Постояв в отдельной палате возле уже соборованного, подготовленного к перевозке в Таврический для прощания с ленинградцами Кирова (казалось, он просто уснул), Сталин сморщился, торопливо вытер кулаком лицо и усы и, повернувшись резко к стоящему за спиной Власику, бросил:
— В Смольный!
Теперь уже все улицы по пути следования, а возле Смольного и в пределах винтовочного выстрела были оцеплены войсками. Террористы, тайно предупрежденные Ягодой, едва успели скрыться.

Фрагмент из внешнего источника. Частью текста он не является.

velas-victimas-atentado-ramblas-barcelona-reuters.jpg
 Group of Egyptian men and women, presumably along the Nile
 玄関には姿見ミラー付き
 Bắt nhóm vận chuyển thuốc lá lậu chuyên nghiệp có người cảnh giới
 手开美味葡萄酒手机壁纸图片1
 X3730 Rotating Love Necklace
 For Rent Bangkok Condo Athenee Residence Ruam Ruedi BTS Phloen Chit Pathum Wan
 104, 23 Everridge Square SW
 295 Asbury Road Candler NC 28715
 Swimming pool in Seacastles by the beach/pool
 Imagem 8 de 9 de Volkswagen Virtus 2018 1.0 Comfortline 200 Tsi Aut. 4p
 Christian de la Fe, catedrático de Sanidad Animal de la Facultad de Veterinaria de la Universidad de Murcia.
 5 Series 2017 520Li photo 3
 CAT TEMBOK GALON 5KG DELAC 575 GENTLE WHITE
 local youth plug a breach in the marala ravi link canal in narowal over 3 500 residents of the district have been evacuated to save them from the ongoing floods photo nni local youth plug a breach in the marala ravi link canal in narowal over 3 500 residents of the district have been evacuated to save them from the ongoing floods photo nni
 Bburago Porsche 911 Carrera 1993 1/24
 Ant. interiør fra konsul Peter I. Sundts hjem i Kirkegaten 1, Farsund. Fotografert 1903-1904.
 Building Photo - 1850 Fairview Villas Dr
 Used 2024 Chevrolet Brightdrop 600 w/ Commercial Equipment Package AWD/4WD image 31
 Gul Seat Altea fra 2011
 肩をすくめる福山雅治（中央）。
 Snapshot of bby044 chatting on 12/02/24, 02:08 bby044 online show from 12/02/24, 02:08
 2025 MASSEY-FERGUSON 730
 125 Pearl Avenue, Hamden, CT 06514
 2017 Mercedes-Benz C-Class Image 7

В вестибюле Смольного Ягода вытащил револьвер и пошел впереди процессии, вероятно, сожалея, что нет возможности выстрелить в вождя. Сам Ягода очень любил жизнь и рисковать ею ни за что бы не решился, хотя, конечно, и не знал о том, что еще в поезде личная охрана Сталина и ее командир Николай Сидорович Власик получили приказ особо следить за Генрихом Григорьевичем Ягодой и за Медведем и стрелять без предупреждения, если возникнет необходимость. Слева от Сталина и чуть заслоняя его, готовый прикрыть, шагал Власик, справа — помощник начальника охраны Хрусталев, державший наготове наган, чтобы выстрелить в Медведя. Сам Сталин, слегка прищурясь, держал руку в кармане шинели, и теплая рукоять «браунинга» удобно вкладывалась в ладонь. Слава богу, правая рука была абсолютно здоровой и сильной, а стрельбой Сталин увлекался всегда. В Кремле был хороший «ворошиловский тир», где вожди упражнялись в стрельбе (преуспевали Жданов, Каганович, Власик, но отнюдь не Ворошилов!). Сталин всегда тренировался один (Власик не в счет), а в кунцевском парке для стрельбы была особая, отдельная площадка. Сталин был неплохим стрелком, куда Ворошилову, хотя с именем этого наркома было связано похвальное и обязательное увлечение стрельбой в Осоавиахиме, были и значки, похожие на ордена, — «Ворошиловский стрелок». Об еженедельных, если не ежедневных тренировках вождя в стрельбе хранилось абсолютное молчание.